To most people, turbulence is the jolt felt by jet passengers moving through a rough pocket of air. But to scientists, turbulence is the chaotic flow of a gas or liquid, in which parts of the current curl into irregular, ever smaller, tight eddies.
It's a very common phenomenon that can affect weather conditions, alter the movement of pollutants, dampen a vehicle's speed, or play a role in the way chemicals mix and combustion engines perform. Yet the phenomenon is difficult to understand, and scientists cannot easily predict how a turbulent flow will behave.
While working on this problem, researchers at The Johns Hopkins University developed a new mathematical formula that could lead to more precise computer models describing turbulent flow.

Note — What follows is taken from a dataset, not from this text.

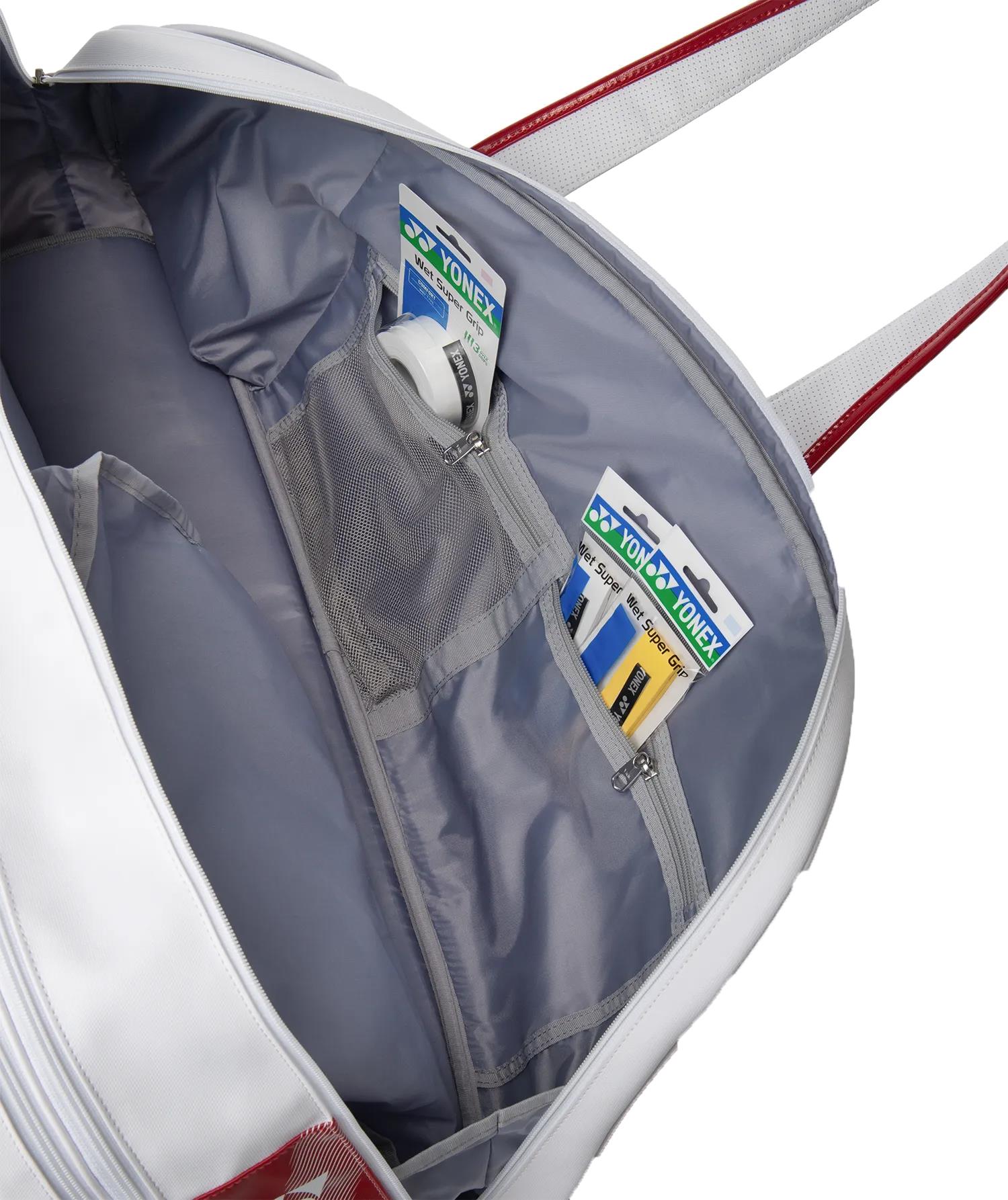 Yonex 02631WEX Expert Tournament Badminton Bag - White — Badminton HQ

Charles Meneveau, a professor of mechanical engineering, and Yi Li, a doctoral student in the department, unveiled the formula, called the "advected delta-vee equation," in a paper published in the October 14 issue of the journal Physical Review Letters.

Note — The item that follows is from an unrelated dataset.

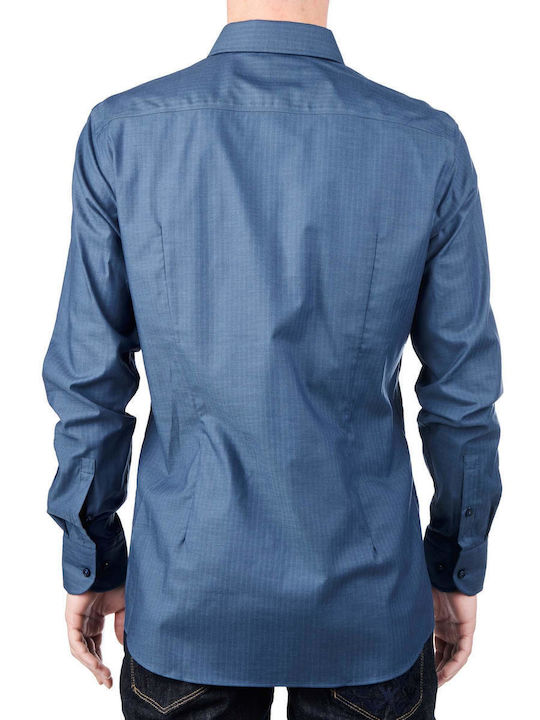 Hugo Boss Men's Shirt Long Sleeve Blue Raf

"This equation gives us a mathematical shortcut to describe a complex characteristic of turbulence called intermittency," said Meneveau, who also is director of the Center for Environmental and Applied Fluid Mechanics at Johns Hopkins. "It solves just one piece of the overall turbulence puzzle, but it's a very important piece."
Intermittency refers to abrupt, very concentrated changes in the speed of a moving fluid. These sharp changes are said to be intermittent because they occur infrequently within a turbulent flow, but when they do, they can be quite violent.
The characteristic has been particularly tough to include in computer models of turbulence because representing it numerically required a huge number of calculations and a mammoth amount of computing power. "Conceptually, we could do it," Meneveau said. "But it's not practical."
Meneveau and Li devised an equation that is simpler and eliminates the need for researchers to solve the more complicated computer models of turbulence. "Ultimately, we believe this will help researchers put together more precise models that could be used to predict weather patterns, movement within bodies of water and even some turbulent events that take place within an internal combustion engine," Meneveau said.
"Astrophysicists are also interested in this because, for instance, magnetic fields in interplanetary space demonstrate turbulence-like intermittent features."